Приняв решение действовать, Вольф доверился Рану и попросил его поговорить с Дольманом прежде, чем тот уедет в Швейцарию. Ран пишет в своих мемуарах, что он посоветовал Дольману не предпринимать в переговорах с американцами никаких дурацких попыток вбить клин между западными союзниками и Советами. Ран знал, что немцам нравится думать, будто такое возможно, но он-то, Ран, сознавал, что это глупость. Альянс нельзя было разбить. А если это верно, то нельзя считать большим сюрпризом все, сказанное Дольману в Лугано профессором Гусманом.

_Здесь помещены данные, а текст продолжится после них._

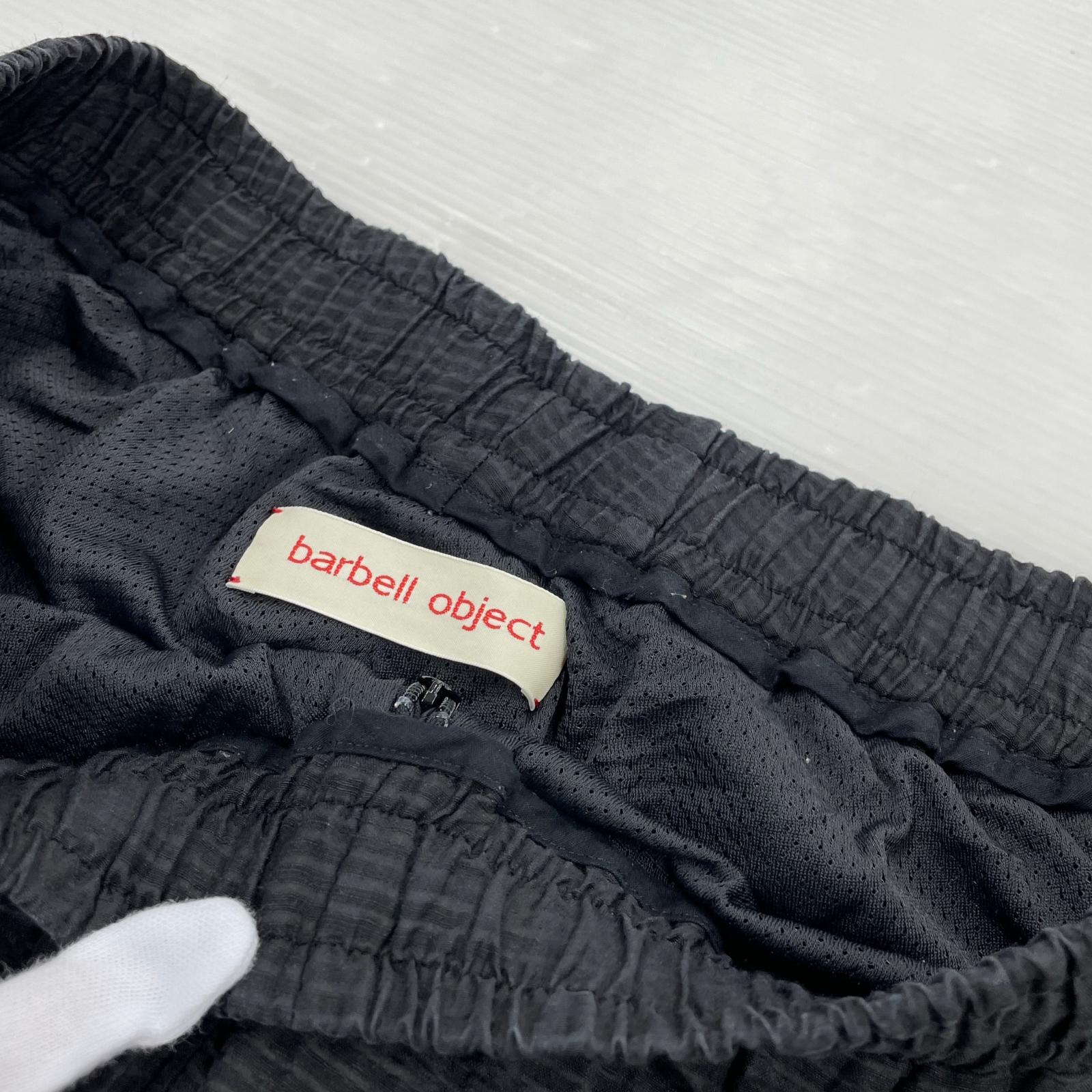パンツ barbell object 25SS uneven pt イージーパンツ 1 ブラック 1 ブラック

После того как Дольман отбыл в Швейцарию, Ран и Вольф углубились в перспективные вопросы. Перемирие могло быть обеспечено только через Кессельринга, и следовало переманить его на свою сторону. Ран вызвался побеседовать с Кессельрингом, поскольку очень хорошо его знал. Через несколько дней, во время визита к Муссолини, Кессельринг навестил Рана, который был болен и лежал в постели. Ран ни в коем случае не мог упустить такую возможность. Он втянул Кессельринга в дискуссию о безнадежности военной и политической ситуации для Германии. Под конец он резко сказал Кессельрингу, что настал последний момент, когда еще можно спасти остатки германской нации от тотального уничтожения. Как представлялось Рану, Кессельринг, единственный немецкий фельдмаршал, не потерпевший поражений, был теперь призван сыграть роль, в чем-то сходную с ролью Гинденбурга в конце Первой мировой войны. Только он один, пользующийся уважением всей германской армии, мог действовать независимо от Гитлера и он один мог призвать к миру и добиться мира. Ран ждал. Кессельринг внешне выглядел невозмутимым. Он был холоден и бесстрастен, никаких эмоциональных вспышек. Он спокойно заявил о своей верности присяге и добавил, что фюрер сможет провести их через все испытания. На это Ран ответил: «Фельдмаршал, настало время ради нашего же блага отказаться от пропагандистских девизов. Если вы не можете предпринять решительных шагов сейчас, надеюсь, вы будете к ним готовы к тому моменту, когда услышите, что фюрер мертв». Кессельринг ничего на это не ответил. Он поднялся со стула, стоявшего у кровати Рана, собираясь уходить. Уже в дверях он произнес безошибочно дружелюбным тоном: «Надеюсь на удачу ваших политических планов». У Рана осталось впечатление, что первый барьер преодолен. Пожалуй, если и не был приобретен союзник, то, по крайней мере, устранено препятствие.